◆ Record extracts:
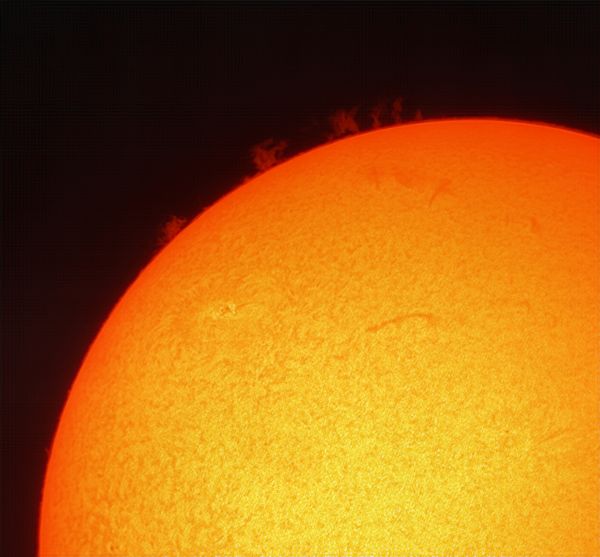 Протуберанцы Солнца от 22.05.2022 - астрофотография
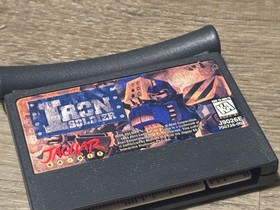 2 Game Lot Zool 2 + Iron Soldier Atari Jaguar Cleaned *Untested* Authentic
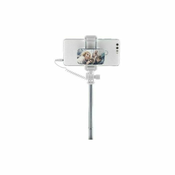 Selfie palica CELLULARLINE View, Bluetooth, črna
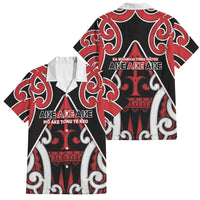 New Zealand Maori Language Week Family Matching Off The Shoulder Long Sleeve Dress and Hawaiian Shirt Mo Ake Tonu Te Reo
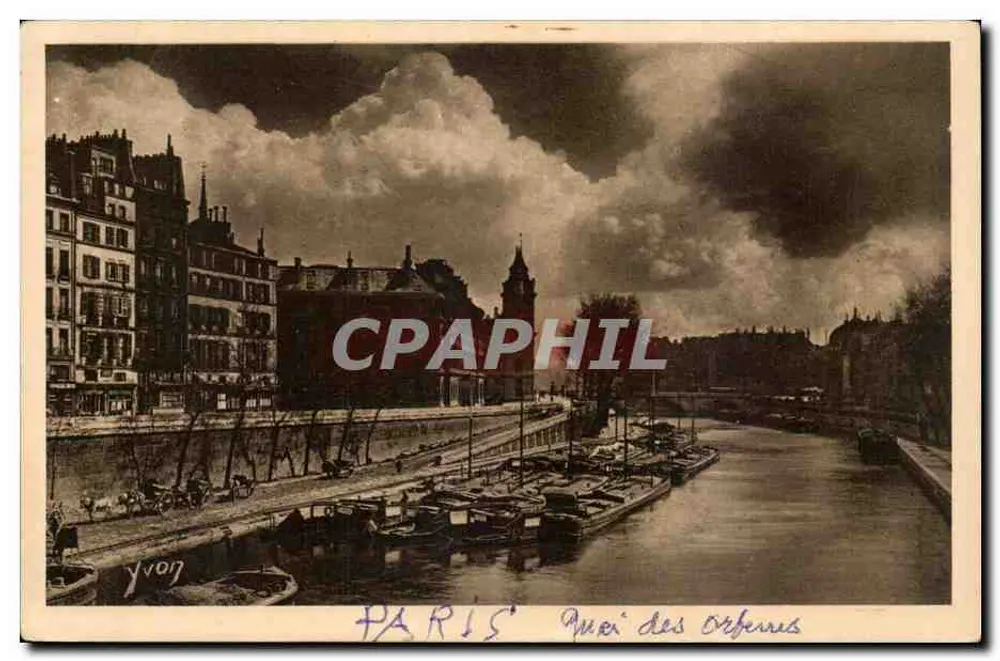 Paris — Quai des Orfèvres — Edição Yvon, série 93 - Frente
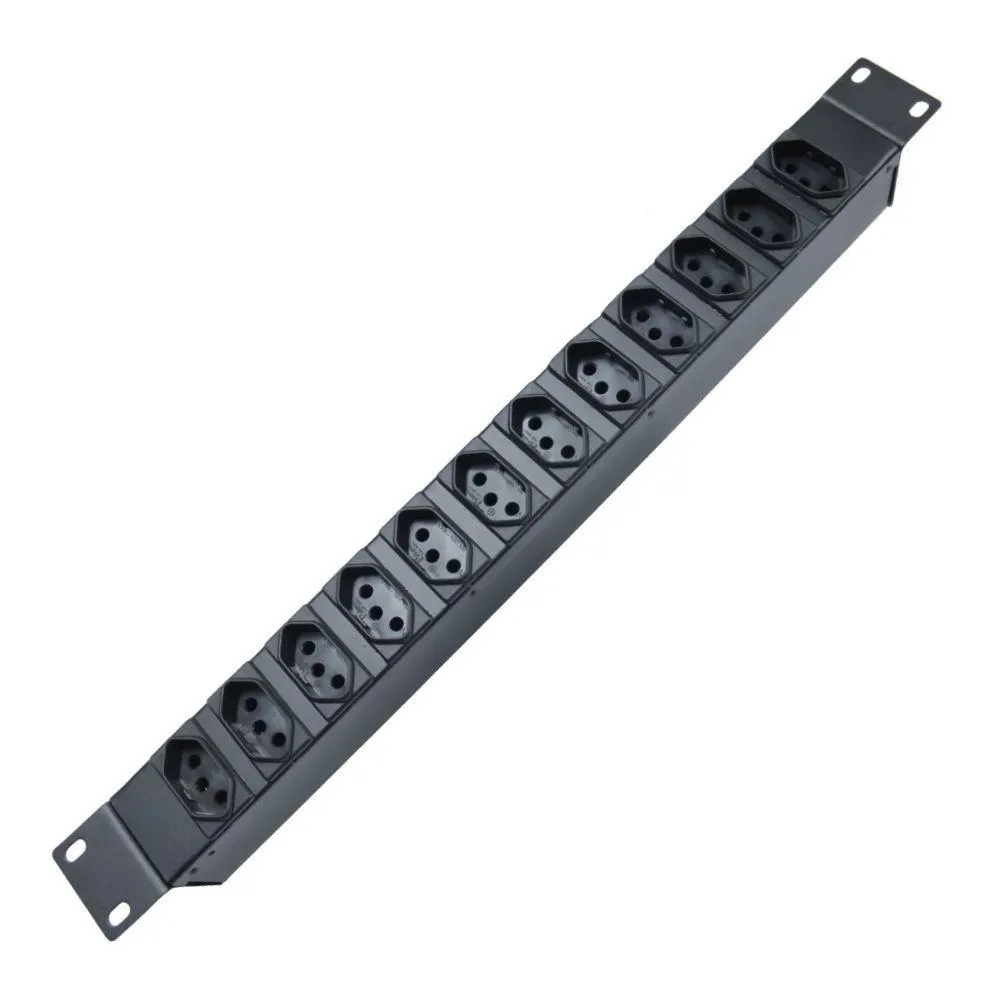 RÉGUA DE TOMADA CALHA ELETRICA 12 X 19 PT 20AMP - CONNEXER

==

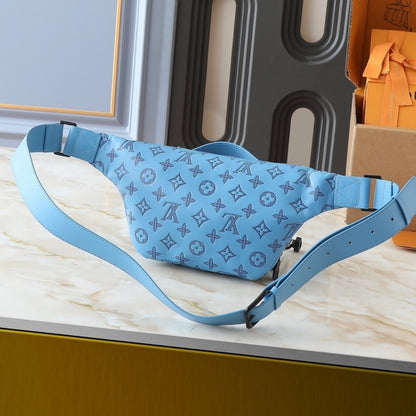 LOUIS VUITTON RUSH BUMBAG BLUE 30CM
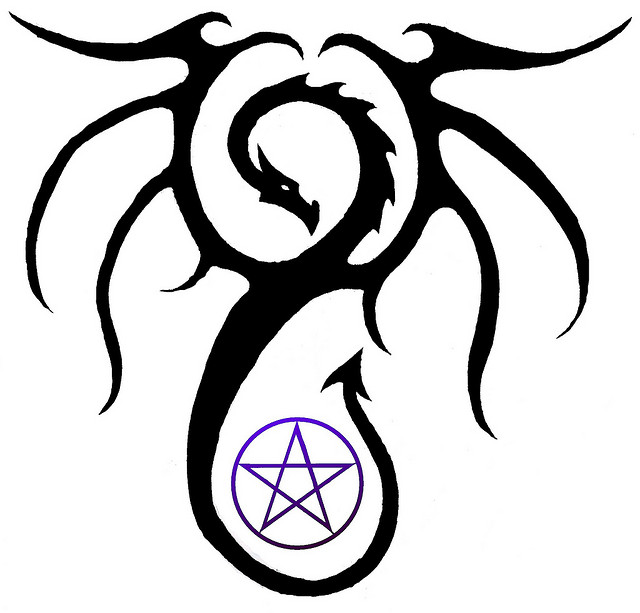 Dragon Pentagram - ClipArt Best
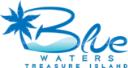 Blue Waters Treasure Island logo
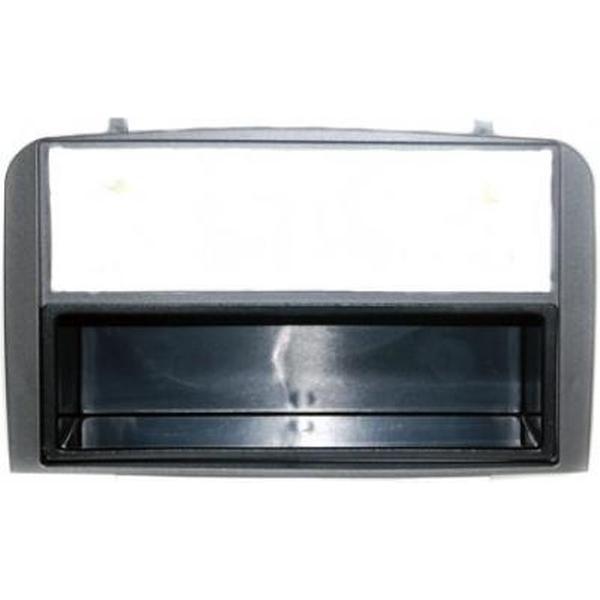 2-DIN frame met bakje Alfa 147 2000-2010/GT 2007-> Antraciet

◆ Problem requirements: Look above for the line with "Dragon Pentagram - ClipArt Best" and the line with "2-DIN frame met". Give again exactly those two lines and all lines between them, pictures excluded.

◆ Written reply:
 Dragon Pentagram - ClipArt Best
 Blue Waters Treasure Island logo
 2-DIN frame met bakje Alfa 147 2000-2010/GT 2007-> Antraciet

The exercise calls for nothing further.